A Book Store, A Serious YA Novel And A Concerned Librarian
Thanks to Sarah and that fucked up church guy, I now own a copy of Laurie Halse Anderson's classic Young Adult novel Speak. To be honest, I bought it first to get it out of the way. I'm sure it's good, but for some reason, my pinky told me that I'd have to justify purchasing this novel. My pinky wasn't wrong. He rarely is.
It was my first venture into the YA aisle at Indigo's. It's not anything like the fiction section. First of all, nothing's in alphabetical order. The local search engine told me there was a whopping fourteen copies available in store, but I couldn't find one. The YA section is fracture in many sub-sections like: middle-grade, YA series, YA fantasy, etc. I looked for a good ten minutes, but I was at loss, so I asked a clerk. A skinny thirty, maybe forty years old woman with her arms permanently crossed and long, ash colored hair that she never took care of and an inquisitive stare.
I admit that a six foot tall Clint Eastwood worshipping writer with a well-studied five o'clock shadow in the YA section, next to the Twilight novels might come off as a little strange.
"Excuse me" I said. "I'm looking for a novel called Speak, by Laurie Halse Anderson".
Her eyes widened. Her face slowly started falling apart, with the same uncoordinated grace than the Hindenburg. Obviously, she had read the book.
"What?" I felt forced to say. "It's for...a reading challenge".
I might not have helped myself with this. Out of context, it sounds a little creepy.
"You know...you know it's...a novel for girls, right?"
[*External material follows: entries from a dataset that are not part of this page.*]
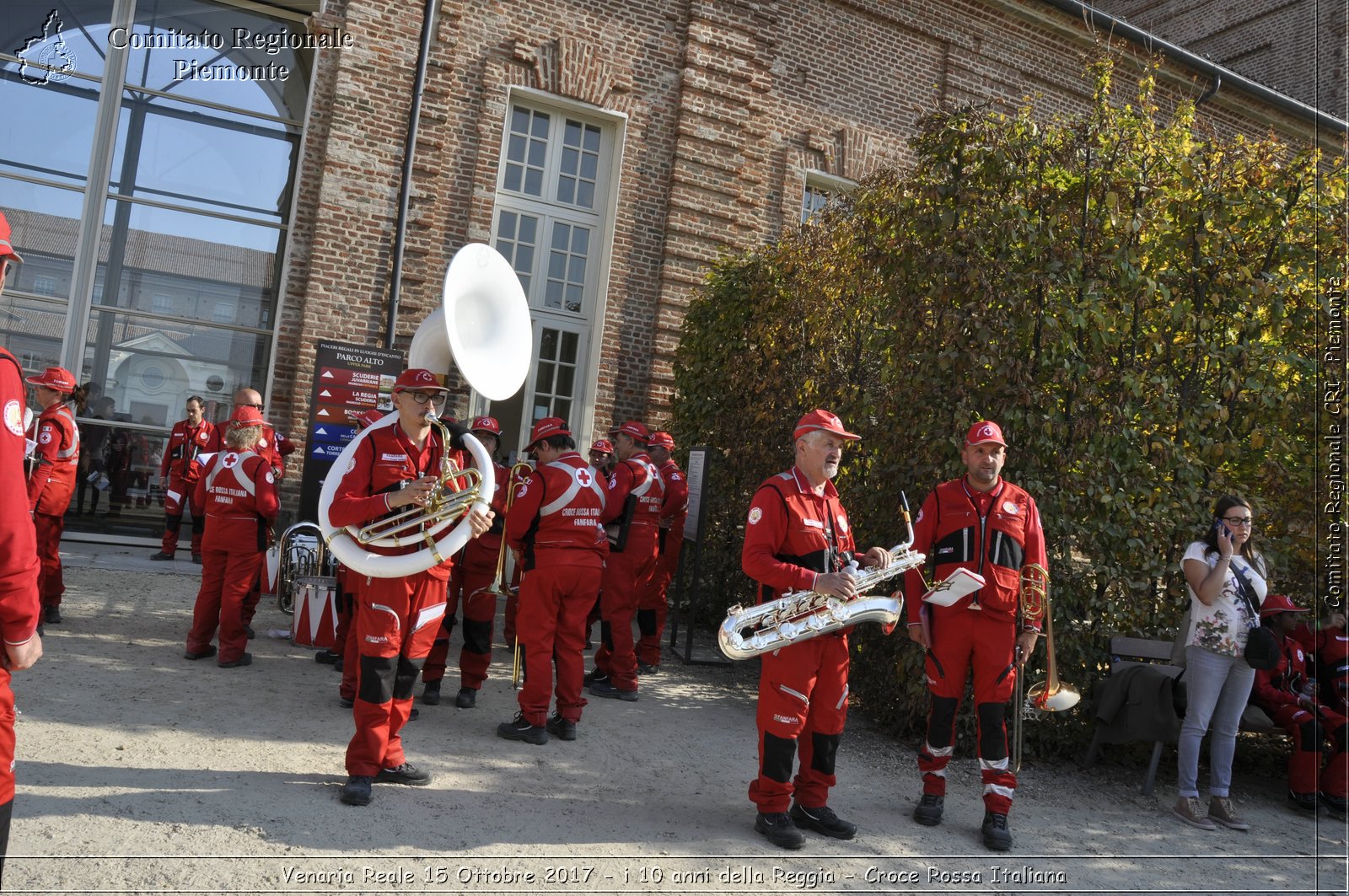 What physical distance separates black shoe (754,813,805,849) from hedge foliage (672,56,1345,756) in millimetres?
2016

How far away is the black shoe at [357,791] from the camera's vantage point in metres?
4.62

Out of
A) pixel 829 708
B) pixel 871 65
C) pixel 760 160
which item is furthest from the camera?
pixel 871 65

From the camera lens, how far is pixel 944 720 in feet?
17.3

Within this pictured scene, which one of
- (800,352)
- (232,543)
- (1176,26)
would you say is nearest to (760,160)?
(800,352)

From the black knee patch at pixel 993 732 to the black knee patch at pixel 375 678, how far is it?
327 centimetres

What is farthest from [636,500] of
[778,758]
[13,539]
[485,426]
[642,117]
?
[642,117]

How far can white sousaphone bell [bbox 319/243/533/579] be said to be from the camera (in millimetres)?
4641

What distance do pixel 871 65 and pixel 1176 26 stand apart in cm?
1319

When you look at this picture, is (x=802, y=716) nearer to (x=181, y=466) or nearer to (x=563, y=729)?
(x=563, y=729)

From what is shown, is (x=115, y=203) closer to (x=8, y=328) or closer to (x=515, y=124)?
(x=8, y=328)

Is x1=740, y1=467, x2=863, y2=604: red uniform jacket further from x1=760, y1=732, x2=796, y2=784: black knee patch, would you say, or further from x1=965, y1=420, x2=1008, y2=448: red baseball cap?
x1=965, y1=420, x2=1008, y2=448: red baseball cap

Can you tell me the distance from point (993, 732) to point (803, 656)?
4.21 feet

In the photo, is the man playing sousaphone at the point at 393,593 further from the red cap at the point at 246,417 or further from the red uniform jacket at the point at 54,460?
the red uniform jacket at the point at 54,460

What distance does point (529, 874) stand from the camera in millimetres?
4129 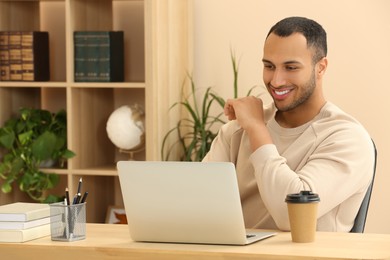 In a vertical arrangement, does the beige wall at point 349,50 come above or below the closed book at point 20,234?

For a second, I got so mad I could barely control myself. What's a novel for girls? How can a novel show the same properties than a skirt or lipstick? It's a novel. It's not romance, it's a novel about an important social issue.
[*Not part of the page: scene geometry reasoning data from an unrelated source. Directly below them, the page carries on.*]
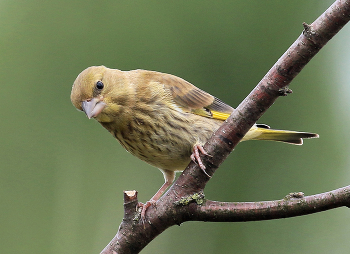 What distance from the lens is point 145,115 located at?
2803 mm

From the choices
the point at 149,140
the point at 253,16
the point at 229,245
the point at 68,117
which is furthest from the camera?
the point at 68,117

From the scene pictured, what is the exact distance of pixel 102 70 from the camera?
294cm

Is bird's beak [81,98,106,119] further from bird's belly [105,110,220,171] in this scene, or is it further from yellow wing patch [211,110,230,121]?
yellow wing patch [211,110,230,121]

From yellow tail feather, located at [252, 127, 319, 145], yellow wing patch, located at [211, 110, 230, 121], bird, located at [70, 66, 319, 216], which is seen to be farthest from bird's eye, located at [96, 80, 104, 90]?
yellow tail feather, located at [252, 127, 319, 145]

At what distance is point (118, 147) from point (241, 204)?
13.1 feet

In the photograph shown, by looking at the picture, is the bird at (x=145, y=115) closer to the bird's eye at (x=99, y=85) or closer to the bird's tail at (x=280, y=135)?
the bird's eye at (x=99, y=85)

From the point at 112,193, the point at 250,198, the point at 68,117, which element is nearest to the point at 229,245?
the point at 250,198

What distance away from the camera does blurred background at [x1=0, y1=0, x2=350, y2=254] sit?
4.98 m

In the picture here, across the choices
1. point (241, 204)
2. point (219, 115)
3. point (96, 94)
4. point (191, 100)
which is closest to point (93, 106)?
point (96, 94)

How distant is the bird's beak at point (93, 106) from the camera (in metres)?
2.71

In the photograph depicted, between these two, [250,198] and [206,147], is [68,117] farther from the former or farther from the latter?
[206,147]

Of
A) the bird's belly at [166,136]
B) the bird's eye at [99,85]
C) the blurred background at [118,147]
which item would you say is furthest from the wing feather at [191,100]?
the blurred background at [118,147]

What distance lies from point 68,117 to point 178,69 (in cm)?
161

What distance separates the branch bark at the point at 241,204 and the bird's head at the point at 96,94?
30.8 inches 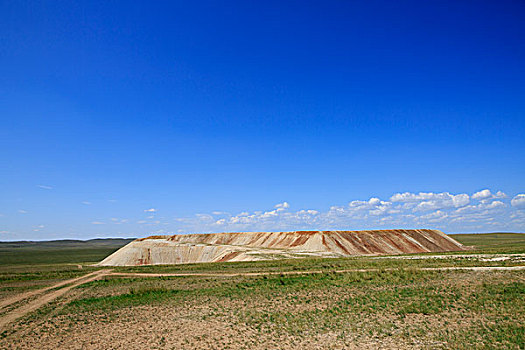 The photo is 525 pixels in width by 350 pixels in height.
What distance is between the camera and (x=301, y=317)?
1928 cm

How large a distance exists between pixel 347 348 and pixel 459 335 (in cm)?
533

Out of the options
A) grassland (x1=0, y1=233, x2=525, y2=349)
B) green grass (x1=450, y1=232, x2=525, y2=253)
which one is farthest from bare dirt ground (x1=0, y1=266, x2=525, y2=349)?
green grass (x1=450, y1=232, x2=525, y2=253)

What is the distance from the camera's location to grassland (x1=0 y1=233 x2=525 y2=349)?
15.7 m

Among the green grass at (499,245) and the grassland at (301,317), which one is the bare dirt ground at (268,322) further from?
the green grass at (499,245)

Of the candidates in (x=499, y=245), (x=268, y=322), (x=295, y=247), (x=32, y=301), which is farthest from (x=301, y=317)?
(x=499, y=245)

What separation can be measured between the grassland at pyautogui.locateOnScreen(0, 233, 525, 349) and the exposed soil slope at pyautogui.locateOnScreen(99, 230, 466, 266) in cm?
4136

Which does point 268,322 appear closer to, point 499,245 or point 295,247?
point 295,247

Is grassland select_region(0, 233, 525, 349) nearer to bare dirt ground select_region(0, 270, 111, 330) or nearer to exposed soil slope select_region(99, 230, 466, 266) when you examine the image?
bare dirt ground select_region(0, 270, 111, 330)

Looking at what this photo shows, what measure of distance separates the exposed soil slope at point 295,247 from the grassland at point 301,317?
136ft

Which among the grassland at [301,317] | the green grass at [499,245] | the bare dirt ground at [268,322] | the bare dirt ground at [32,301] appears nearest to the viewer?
the grassland at [301,317]

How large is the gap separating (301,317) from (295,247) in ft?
236

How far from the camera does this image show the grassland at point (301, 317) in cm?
1566

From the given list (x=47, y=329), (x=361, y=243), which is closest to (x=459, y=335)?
(x=47, y=329)

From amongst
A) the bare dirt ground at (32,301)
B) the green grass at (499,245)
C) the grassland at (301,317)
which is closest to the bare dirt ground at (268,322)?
the grassland at (301,317) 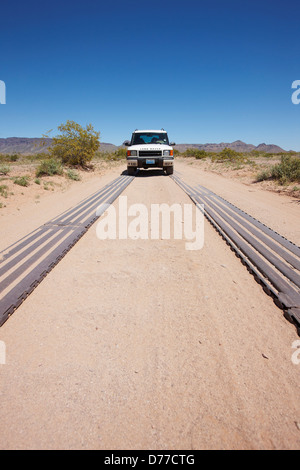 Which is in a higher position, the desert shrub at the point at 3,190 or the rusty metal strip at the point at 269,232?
the desert shrub at the point at 3,190

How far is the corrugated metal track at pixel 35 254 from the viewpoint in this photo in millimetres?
3004

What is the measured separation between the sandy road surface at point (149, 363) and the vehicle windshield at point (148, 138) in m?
11.8

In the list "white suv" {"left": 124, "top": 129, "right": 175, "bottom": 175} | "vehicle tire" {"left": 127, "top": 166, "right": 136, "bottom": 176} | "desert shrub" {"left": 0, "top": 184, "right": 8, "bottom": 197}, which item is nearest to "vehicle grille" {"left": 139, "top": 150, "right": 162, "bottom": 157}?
"white suv" {"left": 124, "top": 129, "right": 175, "bottom": 175}

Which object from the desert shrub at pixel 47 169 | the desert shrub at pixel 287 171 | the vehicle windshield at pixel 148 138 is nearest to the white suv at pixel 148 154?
the vehicle windshield at pixel 148 138

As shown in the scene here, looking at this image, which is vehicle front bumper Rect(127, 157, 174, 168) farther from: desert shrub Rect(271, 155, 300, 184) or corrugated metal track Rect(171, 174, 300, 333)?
corrugated metal track Rect(171, 174, 300, 333)

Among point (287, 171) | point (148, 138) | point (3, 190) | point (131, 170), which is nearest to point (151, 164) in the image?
point (131, 170)

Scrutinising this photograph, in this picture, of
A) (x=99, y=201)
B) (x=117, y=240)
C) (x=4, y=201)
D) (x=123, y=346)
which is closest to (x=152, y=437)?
(x=123, y=346)

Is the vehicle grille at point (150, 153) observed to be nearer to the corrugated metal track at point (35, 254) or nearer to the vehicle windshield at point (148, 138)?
the vehicle windshield at point (148, 138)

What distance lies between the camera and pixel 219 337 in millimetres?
2369

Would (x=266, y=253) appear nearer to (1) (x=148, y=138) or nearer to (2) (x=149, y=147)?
(2) (x=149, y=147)

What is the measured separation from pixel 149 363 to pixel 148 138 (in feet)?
44.9

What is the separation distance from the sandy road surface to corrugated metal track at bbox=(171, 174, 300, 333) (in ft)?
0.61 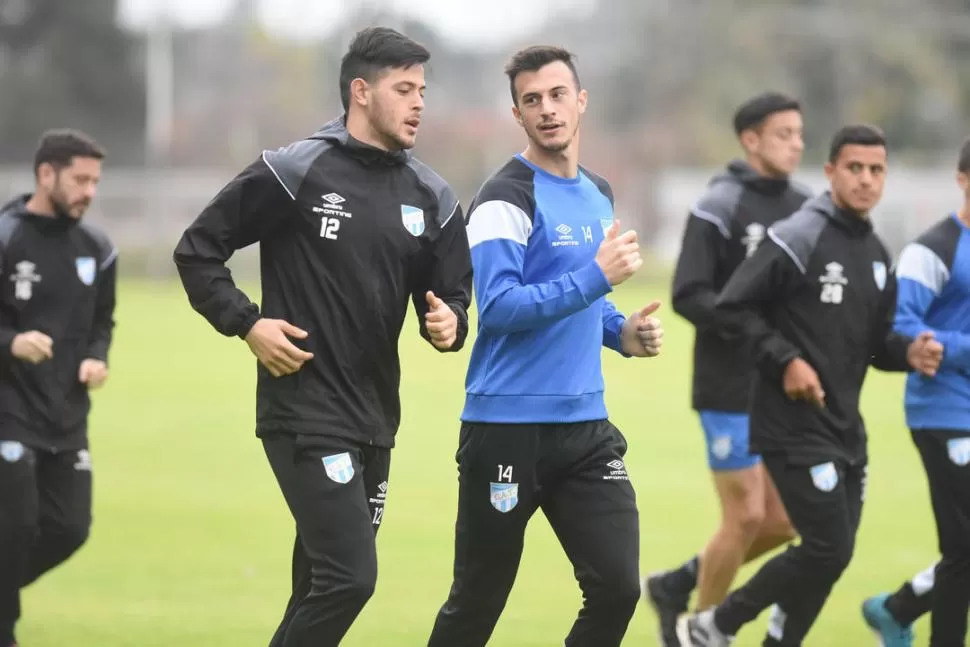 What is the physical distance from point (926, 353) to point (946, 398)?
299mm

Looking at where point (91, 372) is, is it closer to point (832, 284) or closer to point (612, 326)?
point (612, 326)

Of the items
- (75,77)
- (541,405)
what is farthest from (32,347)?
(75,77)

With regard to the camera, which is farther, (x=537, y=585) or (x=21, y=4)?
(x=21, y=4)

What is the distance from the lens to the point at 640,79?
187 feet

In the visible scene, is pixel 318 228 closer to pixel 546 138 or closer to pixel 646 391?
pixel 546 138

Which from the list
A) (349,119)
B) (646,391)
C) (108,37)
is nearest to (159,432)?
(646,391)

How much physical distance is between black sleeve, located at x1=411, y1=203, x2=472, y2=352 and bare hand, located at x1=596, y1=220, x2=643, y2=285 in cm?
64

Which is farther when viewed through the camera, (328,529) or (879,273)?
(879,273)

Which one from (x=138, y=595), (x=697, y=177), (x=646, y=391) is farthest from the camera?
(x=697, y=177)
"Well, like I said, I'm having this reading challenge and I want to read something a bit more meaningful than Harry Fucking Potter, can I?"
"Don't swear at me sir"
"I'm not swearing at you, I'm swearing at J.K Rowling".
Finally, she got me a copy. I was so pissed off and uneasy I almost walked off. That woman is not the first defensive YA reader I come across. Why would it be more awkward that a 28 years old voracious reader want to check out a very important novel? YA or not? Why would it be stranger than a woman, almost in her forties, reading it? I bought a Norman Mailer novel alongside so that the cashier wouldn't ask me questions (I also can't buy one book at the time, I always buy by pair). It's a hard start to the contest, but hopefully nobody give me crap when I'll buy the Kurt Vonnegut novel. I'll have arguments for this one.